For a new Enlightenment
There is good reason to fear that even today we cannot yet see the final stages of this development. What we are seeing in many Western countries is the destruction of a common, a shared public sphere, wherein debate functions as a rational, structural element of liberal-democratic self-governance. Instead, politician-clowns like Trump and Johnson – and before them Berlusconi and Sarkozy – occupy the stage. They are the manifestation of a process which they are themselves simultaneously intensifying. Each in their own way, they are using the opportunities for power that arise during the current upheavals – regardless of the fact that they are destroying not only rationality and norms of truth, but also parts of the political system and of the fourth estate, the independent media. In consequence, media quality standards which focus on the critical examination of factual statements and arguments, and thereby also counteract the formation of media bubbles and the tribalisation of the public sphere, are pushed into the background.

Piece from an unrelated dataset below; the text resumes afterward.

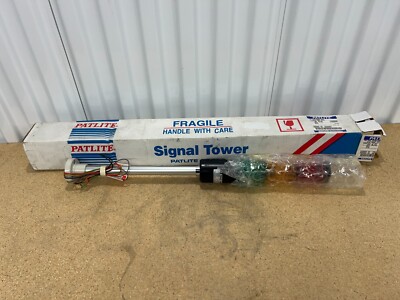 Patlite STD-302F-RYG, Signal Tower Light Stack, 24V AC/DC, STD-F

It was Hannah Arendt who pointed out that the real enemies of democracy are not those who simply tell lies, but those who simultaneously destroy the factual basis and the collectively acknowledged reality – that is, the reality in which we can talk about problems in a common language. Roger Berkowitz of New York’s Hannah Arendt Centre is right when he describes the long-term danger posed by politics of the kind pursued by Trump: “The danger we face is Trump’s total indifference to reality and the meaning of words. He may say something today and then say something completely different tomorrow, while at the same time denying what he said yesterday. This creates the risk of a cynical attitude towards public discourse and a shared public sphere. It is quite possible that after Trump someone much worse than Trump will appear.”

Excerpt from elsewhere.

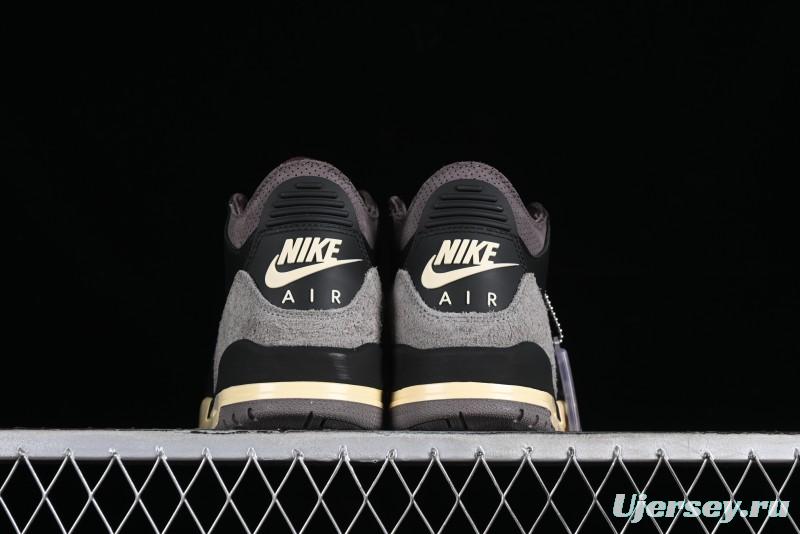 Nike A Ma Maniere x Air Jordan 3 Retro Black Sneakers - FZ4811-001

After Sarkozy and Berlusconi, the centre-right in France and Italy is either in serious decline or has disappeared from the picture altogether. Right-wing extremists and fascists have taken over the space previously occupied by the bourgeois right. And the Conservatives in Great Britain and the USA are no longer recognisable either. The remaining liberal public is not paying enough attention to this epochal crisis of the traditional centre-right of the spectrum, even though – in terms of democratic politics – it is this part of the spectrum which ought to serve as a crucial bulwark against anti-democratic right-wing populism and extremism.
The two-fold dereliction of reason with which we are confronted today, namely the deliberate erosion of the norms of communicative rationality and the refusal and rejection of ecological reason in our dealings with nature, holds the potential for a new totalitarianism that would replace the bullshit and multiple untruths of the politician-clowns with one single great and overpowering untruth. What is needed is a new Enlightenment that recognises these dangers and counters them effectively – not least with a well-developed sense of where the democratically important borderline runs between the centre-right and right-wing extremism.